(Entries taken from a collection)
-- Opening Marker --

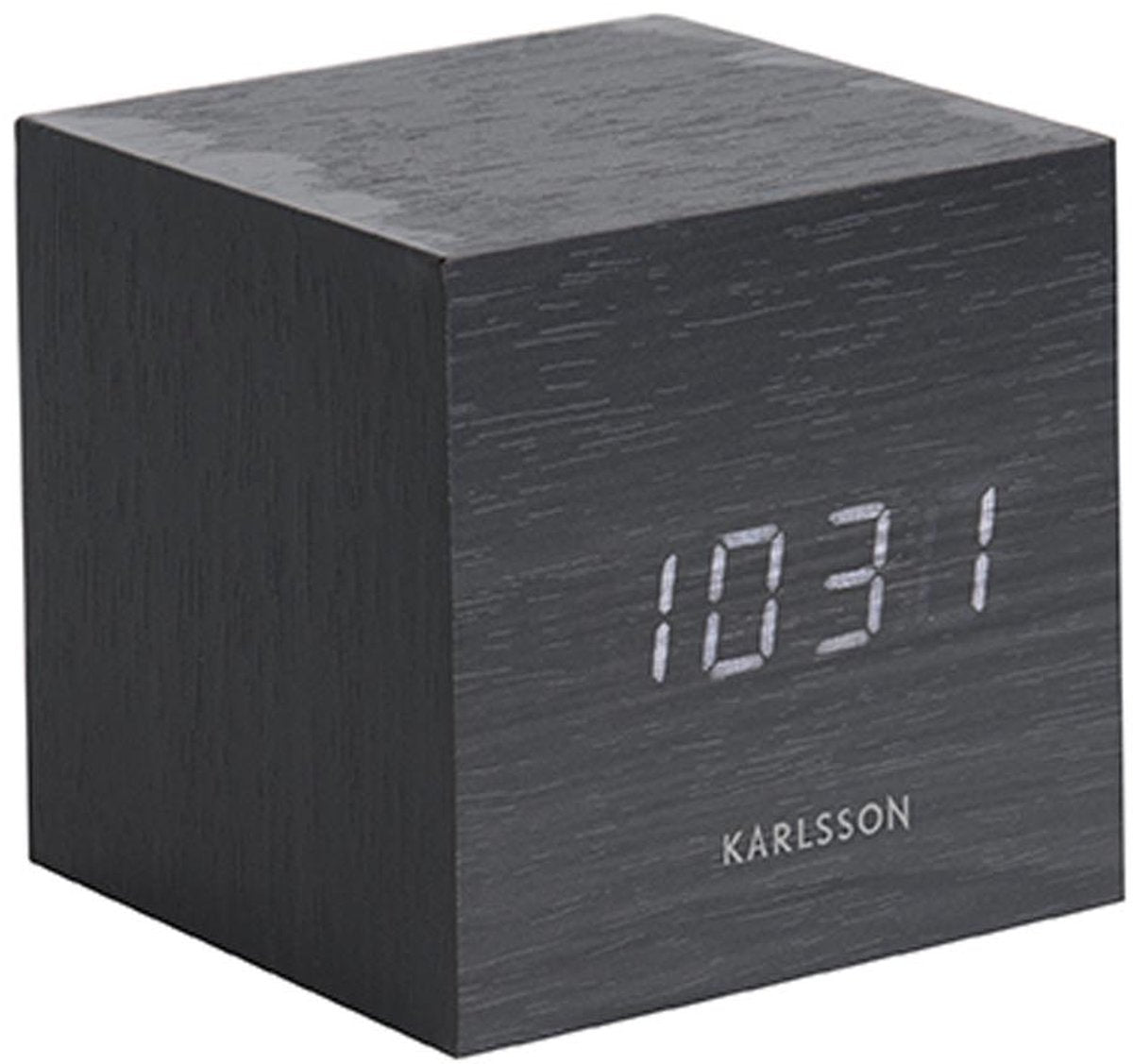 Karlsson wekker mini cube - zwart fineer, wit led - 8x8x8cm - scandinavisch - wekker voor slaapkamer - wekkers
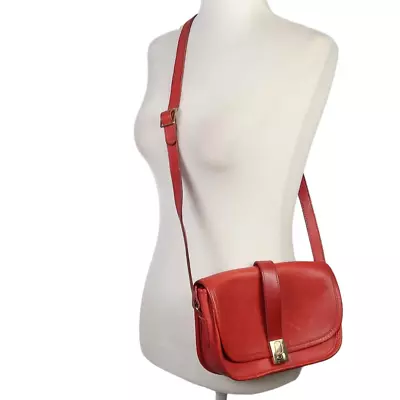 Vintage 90s Michael Green Red Leather Flap Front Crossbody Bag Purse • $34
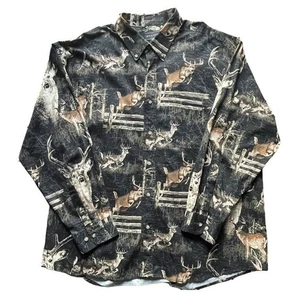 NWOT Bit & Bridle Outfitters LS Button Down Shirt All Over Deer Print XXL MEN - Picture 1 of 7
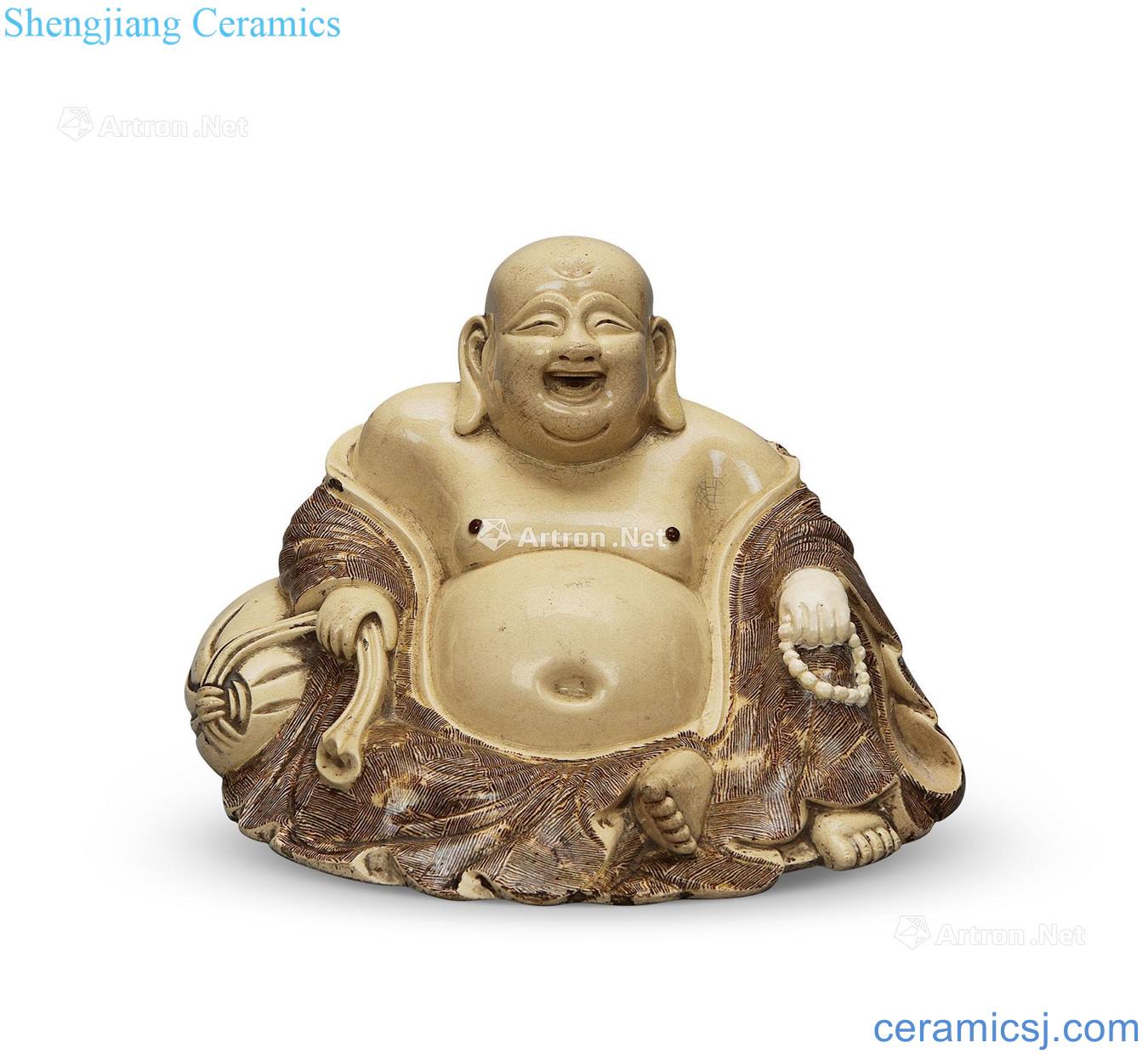 The late Ming dynasty Yellow glaze white clay ground tire bag Buddha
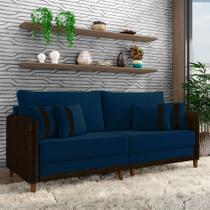 Sofá Living Montecarlo 3 Lugares Bipartido 232cm Pés em Madeira Veludo/PU Azul/Marrom G33 - Gran Belo Sofá Living Montecarlo 3 Lugares Bipartido 232cm Pés em Madeira Veludo/PU Azul/Marrom G33 - Gran Belo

-- Closing Marker --

- PROBLEM STATEMENT: Your answer should consist solely of the lines from the one with "Vintage 90s Michael" through the last line of the entries, restated word for word, with the pictures omitted.

- REPLY:
 Vintage 90s Michael Green Red Leather Flap Front Crossbody Bag Purse • $34
 NWOT Bit & Bridle Outfitters LS Button Down Shirt All Over Deer Print XXL MEN - Picture 1 of 7
 The late Ming dynasty Yellow glaze white clay ground tire bag Buddha
 Sofá Living Montecarlo 3 Lugares Bipartido 232cm Pés em Madeira Veludo/PU Azul/Marrom G33 - Gran Belo Sofá Living Montecarlo 3 Lugares Bipartido 232cm Pés em Madeira Veludo/PU Azul/Marrom G33 - Gran Belo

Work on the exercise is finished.